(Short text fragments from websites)

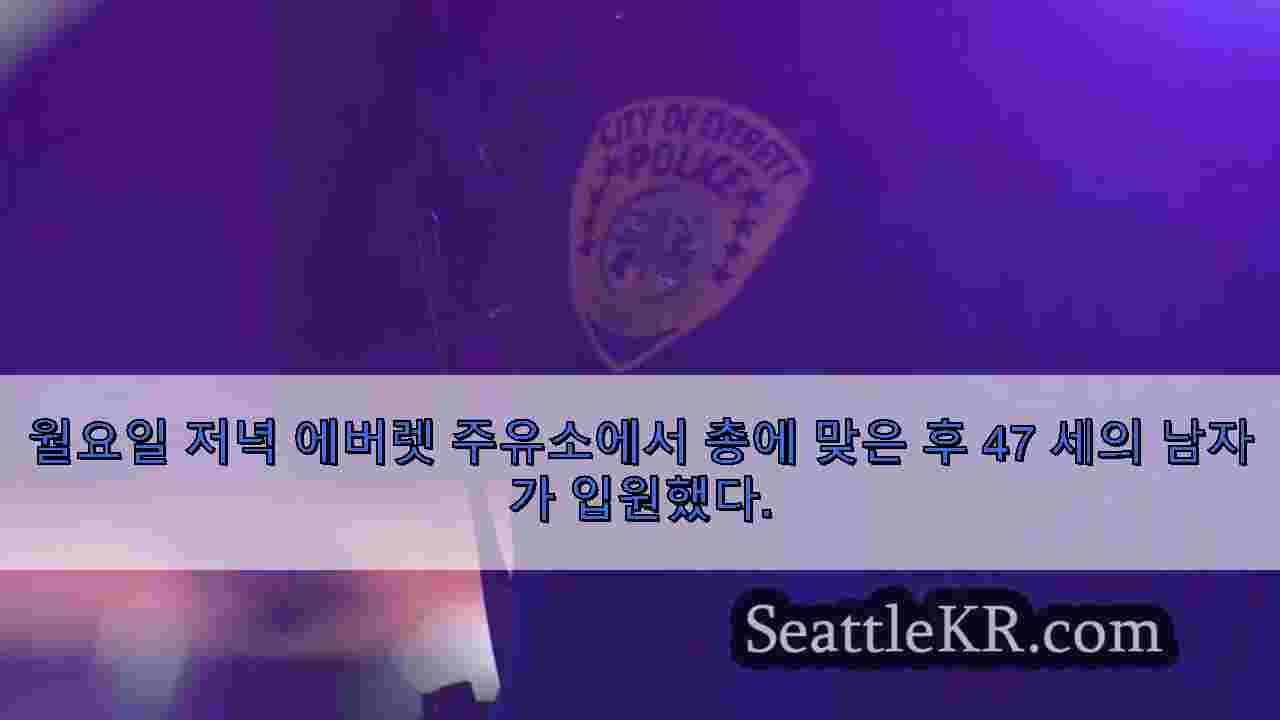 시애틀 뉴스 SeattleKR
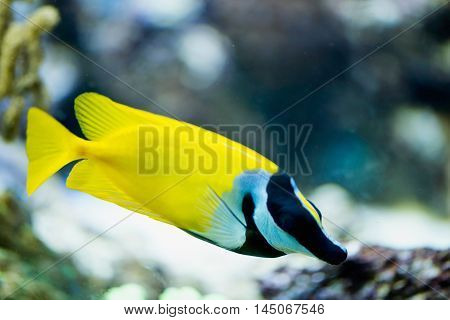 Foxface rabbitfish, horizontal image, color image, close up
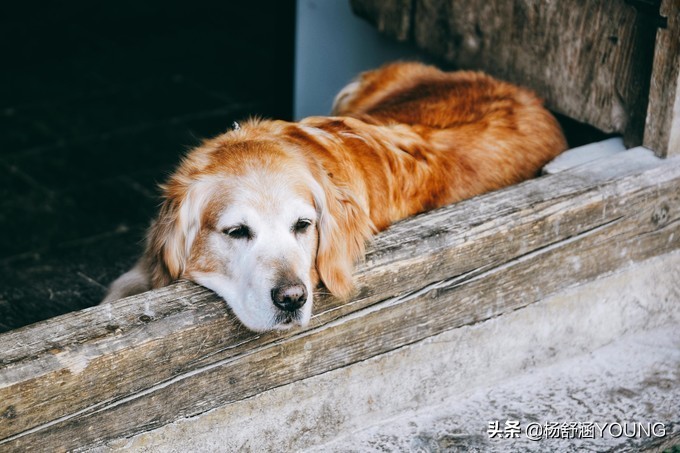 隐匿于城市的世外桃源,隐藏在深山中的世外桃源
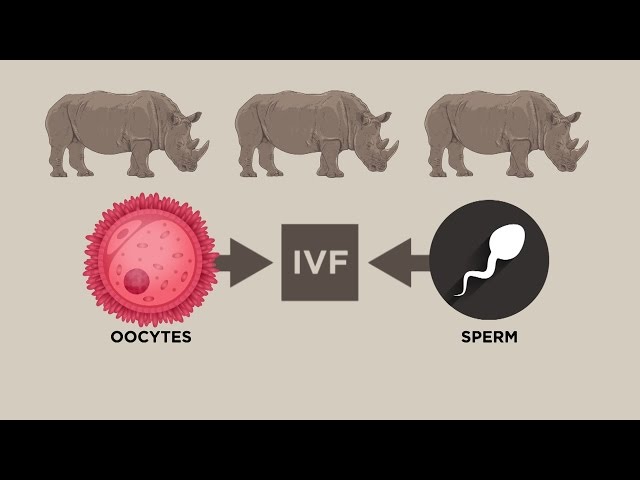 Test-Tube Rhino - Daily Current Affairs for UPSC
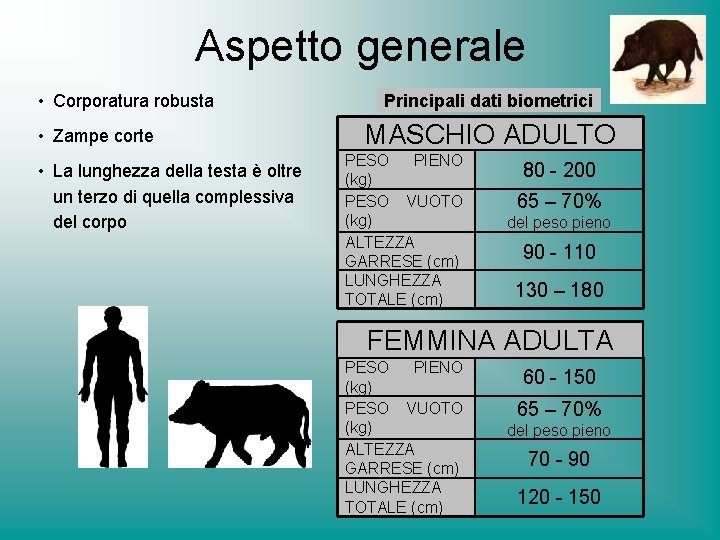 Aspetto generale • Corporatura robusta • Zampe corte • La lunghezza della testa è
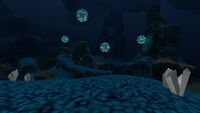 Diamonds in the Deep Grand Reef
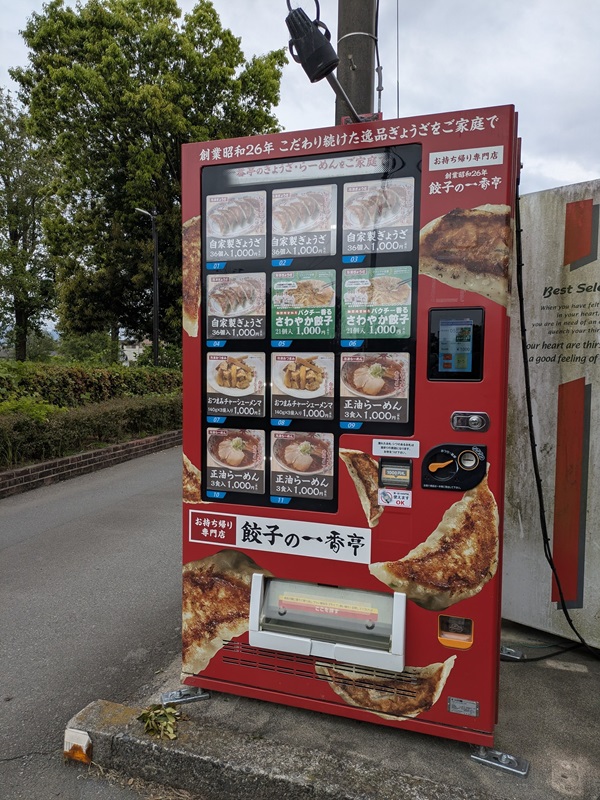 パクチー香るさわやか餃子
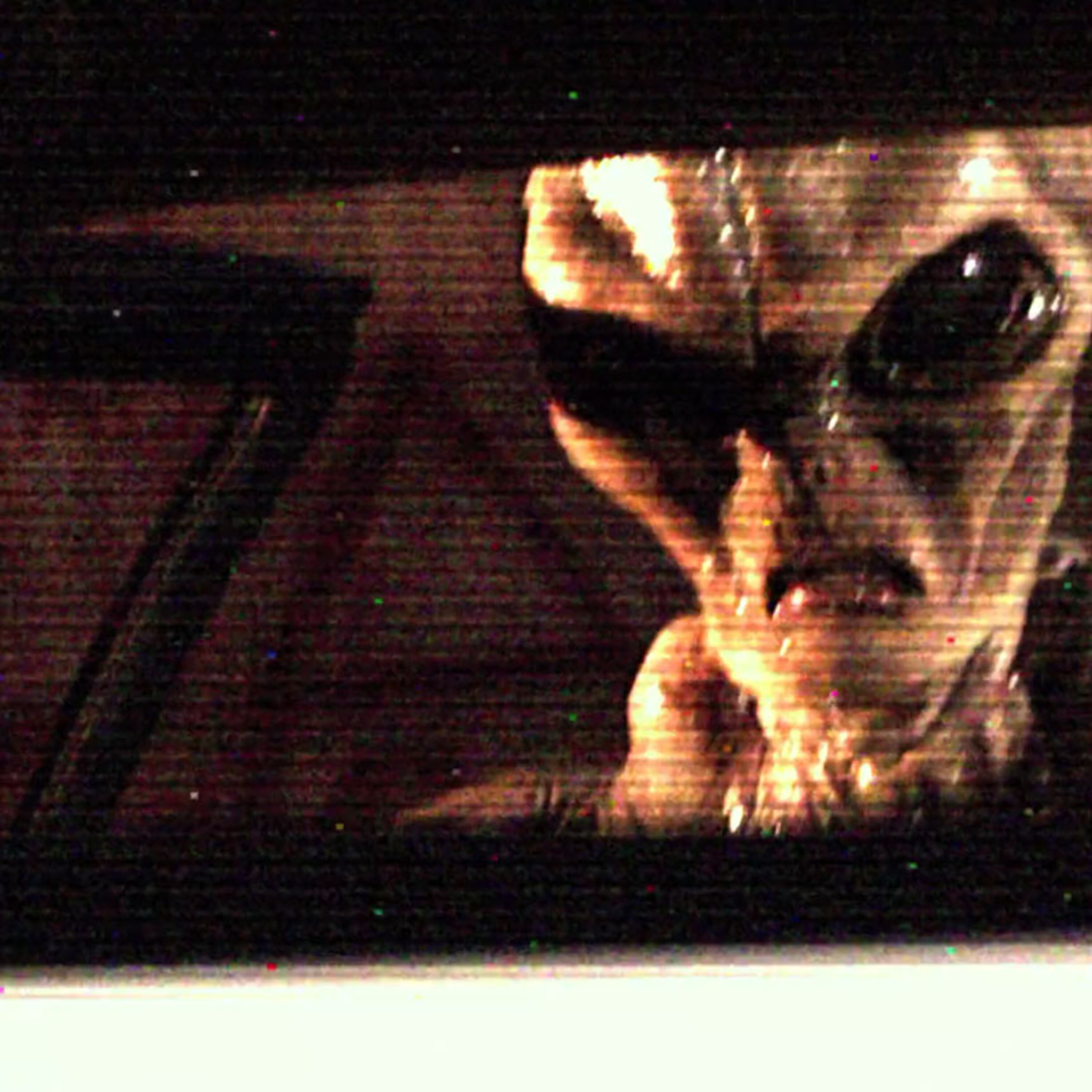 The Alien Abductions of Dave Scott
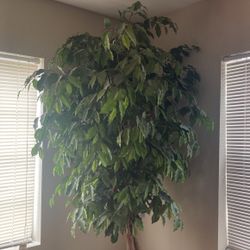 Artificial Tree
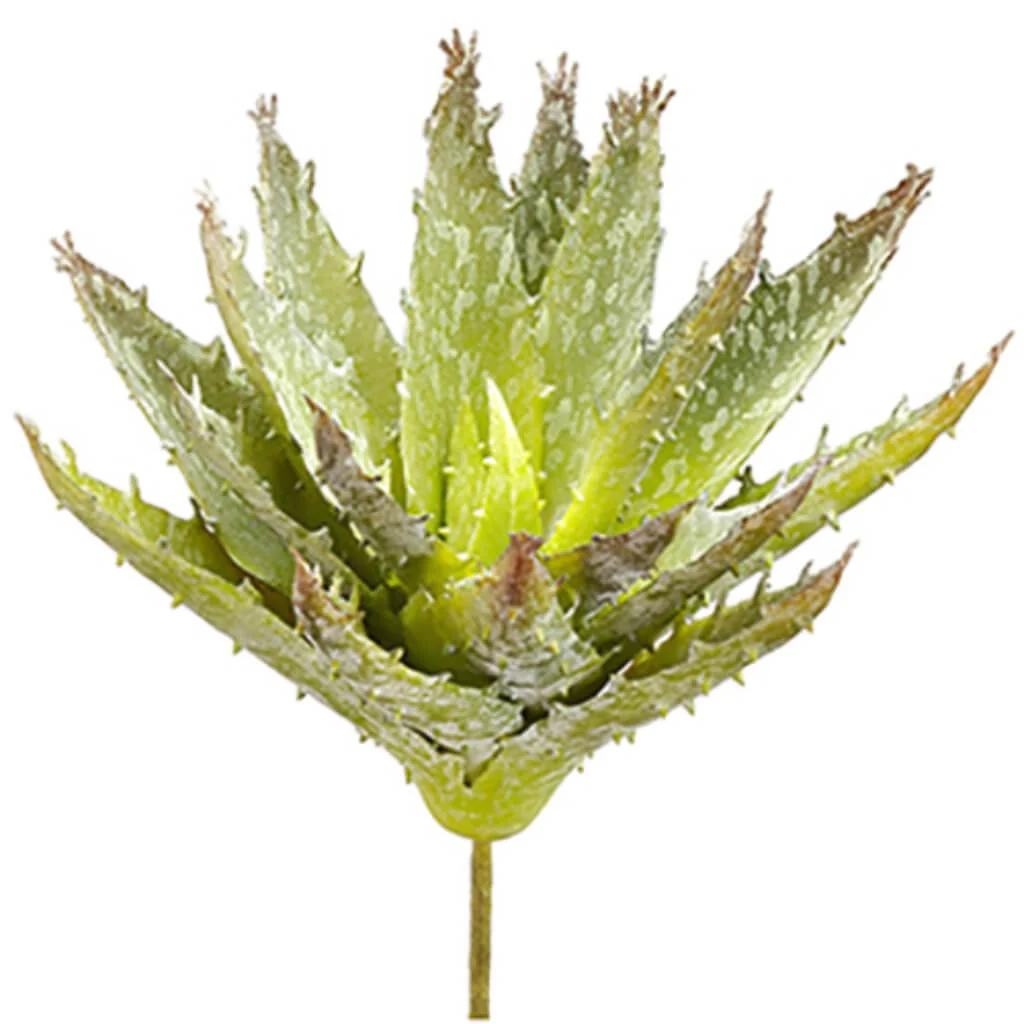 Soft Aloe Pick 6.5" Gr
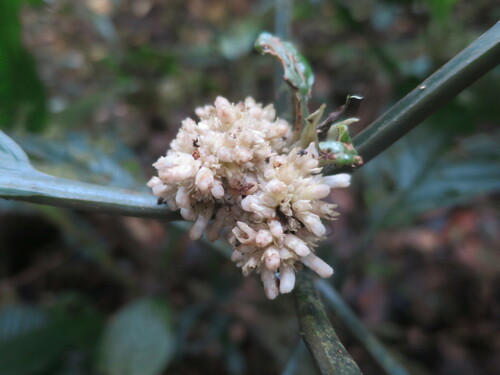 Psychotria thomensis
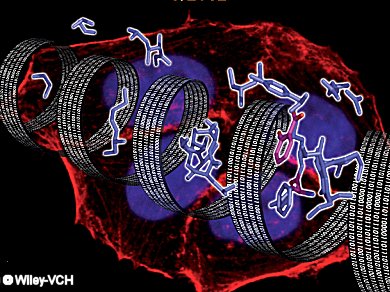 Open Innovation in Drug Discovery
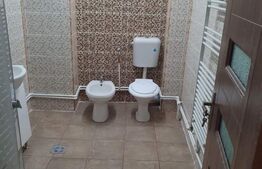  Casa cu 4 apartamente, 240 mp, 260 mp teren, Ultracentral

Work required: Copy out the data verbatim, with no pictures.

Answer to this exercise:
 시애틀 뉴스 SeattleKR
 Foxface rabbitfish, horizontal image, color image, close up
 隐匿于城市的世外桃源,隐藏在深山中的世外桃源
 Test-Tube Rhino - Daily Current Affairs for UPSC
 Aspetto generale • Corporatura robusta • Zampe corte • La lunghezza della testa è
 Diamonds in the Deep Grand Reef
 パクチー香るさわやか餃子
 The Alien Abductions of Dave Scott
 Artificial Tree
 Soft Aloe Pick 6.5" Gr
 Psychotria thomensis
 Open Innovation in Drug Discovery
  Casa cu 4 apartamente, 240 mp, 260 mp teren, Ultracentral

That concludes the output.